Jahrelang hielt ein Schrecken namens NSU 2.0 wenn nicht ganz Deutschland, so doch zumindest die Macher der hiesigen veröffentlichten Meinung in Atem. Politiker, Journalisten und mehr oder weniger prominente Gutmenschen erhielten eMails und SMS-Nachrichten mit Verwünschungen und Todesdrohungen. Die Äußerungen sollen „Insiderinformationen“ enthalten haben, und deshalb suchte die Polizei den Täter in ihren eigenen Reihen. Die Untaten des NSU 2.0 schienen zu bestätigen, was die Journaille ohnehin vermutet: Die Polizei habe in ihren Reihen ein Problem mit „Rechtsextremisten“.

Und jetzt kommt doch alles ganz anders.

In Berlin ist ein 53-jähriger Arbeitsloser festgenommen worden unter dem Verdacht, Urheber der NSU-2.0-Bedrohungsserie zu sein. Ihm ordnen die Ermittler insgesamt 115 verbale Angriffe auf 32 Personen und 60 Institutionen in neun deutschen Bundesländern und in Österreich zu. Der Mann hat dem Vernehmen nach keine Insiderinformationen von Polizisten bezogen und stand auch selbst nie im Staatsdienst. Er ist umfassend vorbestraft: wie der „Tagesspiegel“ meldet wegen „Störung des öffentlichen Friedens, (…) Verbreitung von Kennzeichen verfassungswidriger Organisationen (…) Urkundenfälschung, Beleidigung und Weitergabe von jugendpornografischem Material“.
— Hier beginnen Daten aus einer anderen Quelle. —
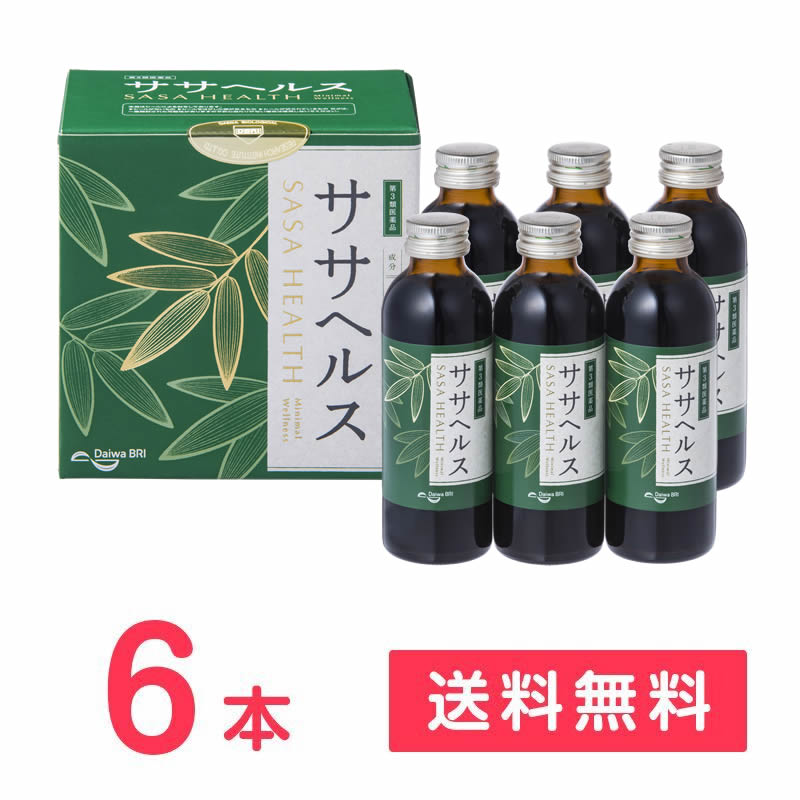 ササヘルス127ml×6本 【送料無料】ササヘルス宅配サービス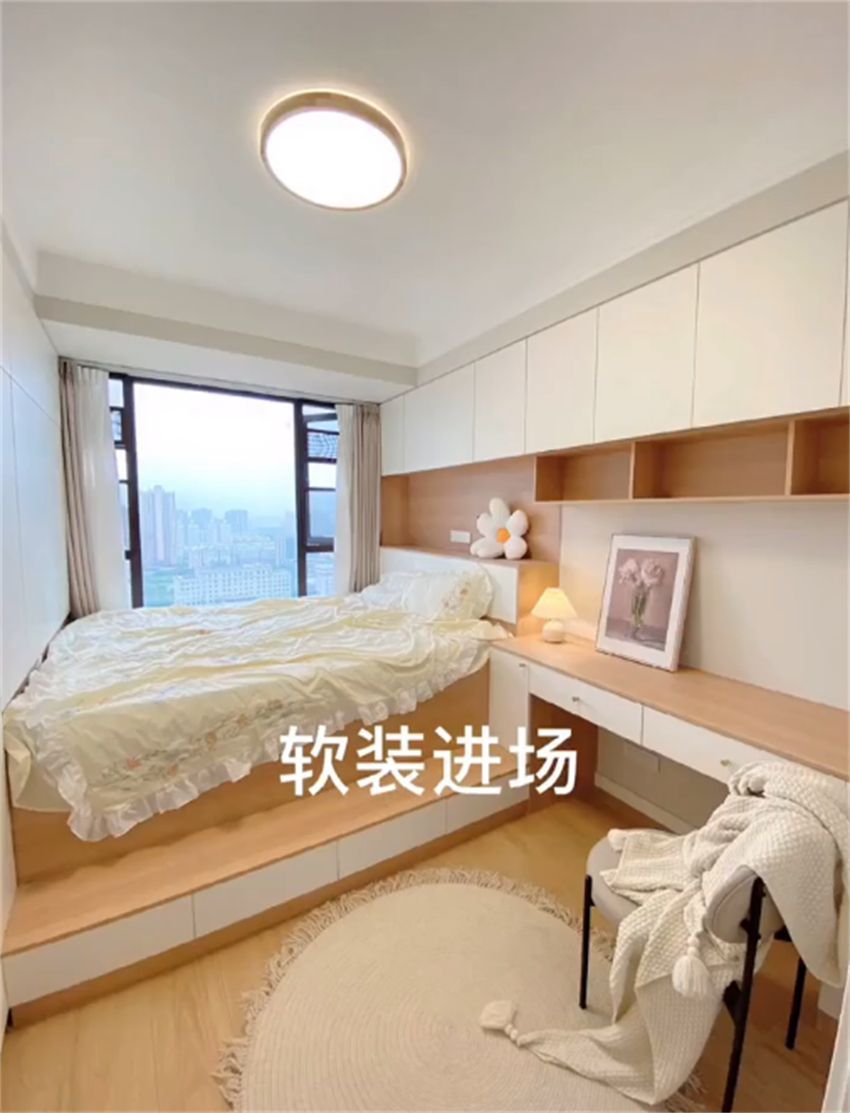 95后姑娘为省钱自装新房，3个月后大变样！网友：装出20W的效果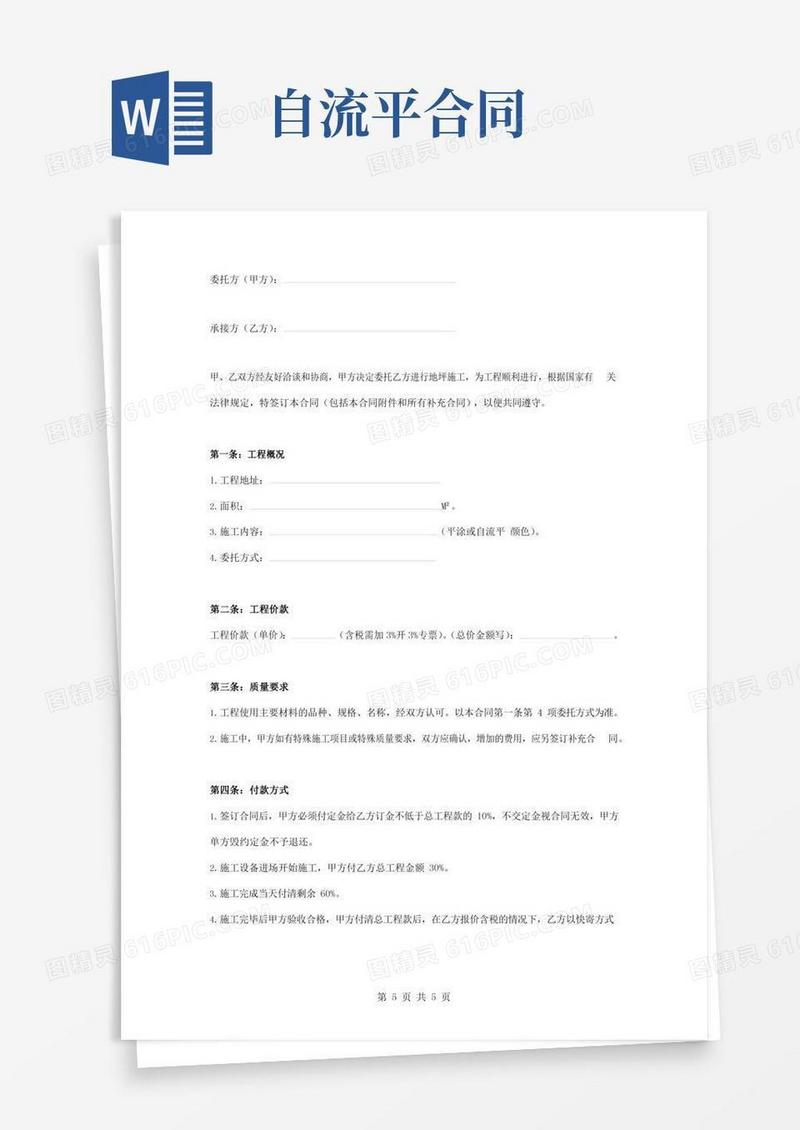 环氧地坪漆施工合同协议书范本新版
Hinzu kommt noch Amtsanmaßung, wie die „Süddeutsche“ ergänzt. Die erklärt auch, wie der Tatverdächtige nach dem derzeitigen Kenntnisstand an seine vermeintlichen „Insiderinformationen“ gelangt ist: er gab sich als Beamter aus und fragte sich durch.

So ändern sich die Zeiten: Heinrich Haarmann musste im Berlin der 1920er Jahre noch jede Woche einen Menschen umbringen und ihn zerstückeln, um es monatelang auf die Titelseiten der Zeitungen zu schaffen. Heute genügen geschicktes Herumfragen und der Versand von eMails mit den vom Zeitgeist herbeigewünschten Inhalten, um dasselbe zu erreichen.